On Sunday January 30, 1972, 13 Catholics were killed and another 16 wounded when British paratroopers opened fire on a demonstration march through the Northern Ireland city of Derry.
The event became known as Bloody Sunday, and was chiefly notable for two historic outcomes.
The first was that those responsible for the violent deaths of unarmed Catholic protesters passed unpunished through the subsequent British government inquiry by Lord Chief Justice Widgery.
This in turn had the effect of swelling the ranks of the IRA, transforming it from a ramshackle organisation run by a handful of rusty Carbine-toting extremists, into a formidable hardline military organisation, capable of spending millions of dollars on arms smuggled from Libya and the American Irish community.

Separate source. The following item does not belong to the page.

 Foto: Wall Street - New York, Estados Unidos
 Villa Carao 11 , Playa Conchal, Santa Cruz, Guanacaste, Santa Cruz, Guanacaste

The reprisals from Bloody Sunday saw more than 3000 people killed during the next 25 years, as UK ``safehavens'' such as Birmingham, Westminster and Whitehall were hit by assassinations and bombings.
Those Are Real Bullets is an enthralling account of the events leading up to and during the course of Bloody Sunday, put together by two journalists from the British Times Sunday Insight team.
Peter Pringle and Philip Jacobson combine first-hand knowledge, witness accounts and hindsight to deliver an engrossing, if extremely violent, narrative of the massacre.
Both the British military and the victim's movements on Bloody Sunday are re-traced in detail, and while Pringle and Jacobson's effort is perhaps not as objective as lauded in the promotional blurb on the cover, Those Are Real Bullets is compulsive reading for anyone interested in the struggle for total demilitarisation of Northern Ireland.
Slightly off-putting at first is the overuse of military terms, and a glossary of acronyms may have come in handy for those unfamiliar with the situation.
But these soon become minor concerns once the narrative hits the streets of Derry, and should in no way discourage the reader from turning away from this essential account of Bloody Sunday.
Anyone with a slightly delicate constitution should be warned of the book's highly-graphic nature, right down to tracing the track of every bullet through each victim's body.
It also includes some stunning news photography, including Frenchman Gilles Peress' serial account of the death of Paddy Doherty.
A must-read.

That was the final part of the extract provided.